How to restore rusty cast iron without the use of harsh chemicals! When I thrift cast iron that is a little rusty (or neglect the skillets I already have...) this is my go-to method for restoring them for use in my kitchen.
Inside of your plastic bin or aluminum pan, create a mix that is 1 part vinegar to 1 part water.
Fully submerge your rusty cast-iron skillet in the water and vinegar mixture. Allow it to soak for 30 minutes.
Check to see if any of the rust is flaking off easily when you touch it with your brush. If it is not, soak for another 30 minutes.

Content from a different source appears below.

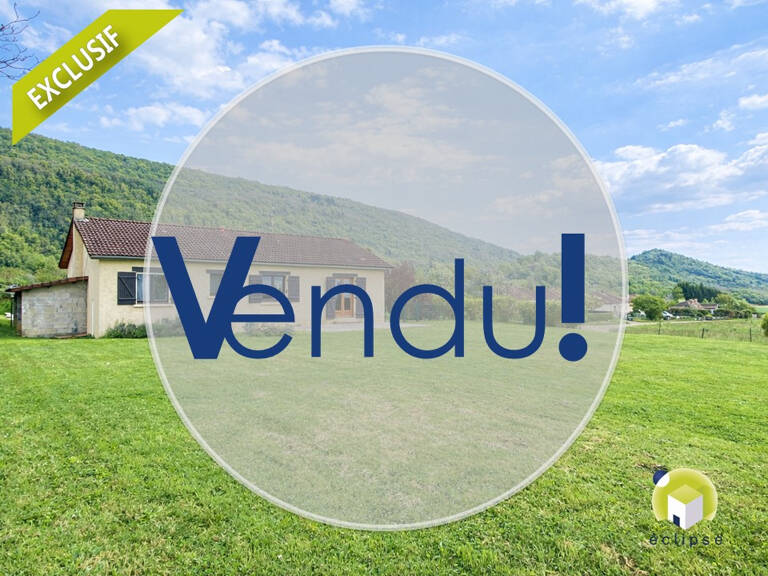VAL REVERMONT à vendre - Maison indiv. 3 Chambres + garage e — photo 1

Use coarse salt, your stiff brush, and water to scrub off the rust all over your cast iron pan.
Rinse your pan off thoroughly to ensure no rust is left on it. Dry with a towel.
Coat your entire pan with a thin layer of oil of your choosing. Wipe it down again, removing the excess oil, leaving a very light coat behind.

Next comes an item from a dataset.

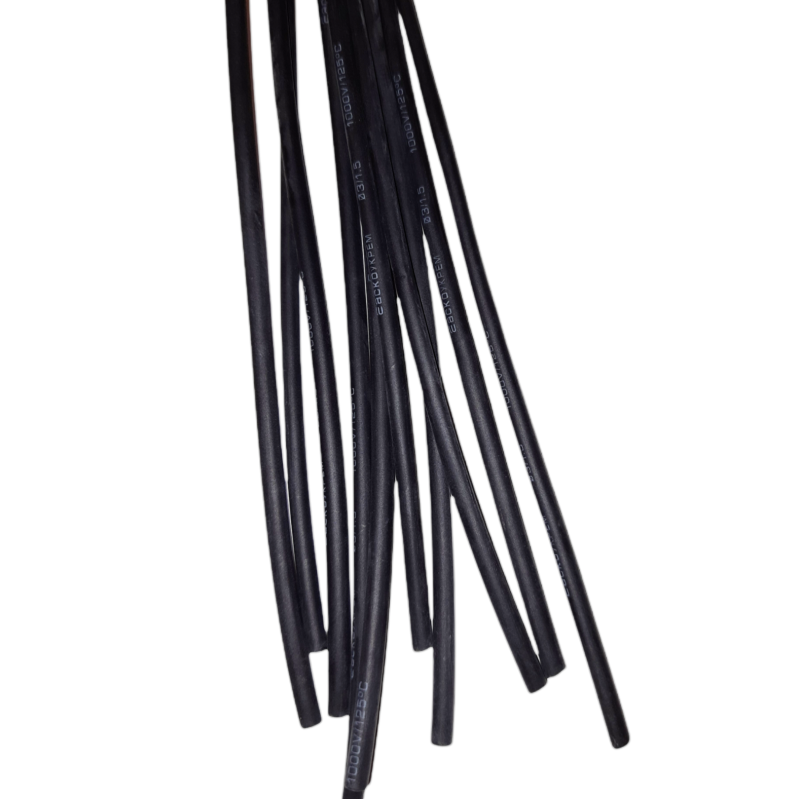 Термоусаджувальна трубка 3,0/1,5 (Чорна)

Dry your pan completely. You can do this by heating it on a burner (while supervising) or by heating your oven to 350°F and placing the pan upside down on an oven rack for 15 minutes.
Reseason your cast iron with a layer of oil again and then wipe it down with a dry towel.
Place your cast iron back in the oven again upside down. Set it to 500°F and leave for 1 hour.
After one hour has passed, turn your oven off. Allow the pan to stay inside as it cools all the way down.
Repeat steps 8-10 once more. (Optional: do it up to 6 times for a great reseasoning.)
Notes
Do not soak your cast iron for too long in the water and vinegar mix! Check it over every 30 minutes until you see the rust flaking off a little bit. I personally would not go longer than 2 hours.
When you preseason your cast iron, coat all sides. Even the outside, bottom, and handle!
Don't use dish soap or other soaps on your cast iron skillet.
Don't use steel wool. If you don't have a stiff brush, use the scrubbing side of a sponge instead.
Avocado oil is my seasoning oil of choice!
I used a 17 ¼ inch x 12 11/16 inch x 4 inch aluminum foil roasting pan for this project. The smallest cast iron skillet used 7:7 water to vinegar ratio. The large flat pan used an 11:11 water to vinegar ratio. The large skillet used a 16:16 water to vinegar ratio.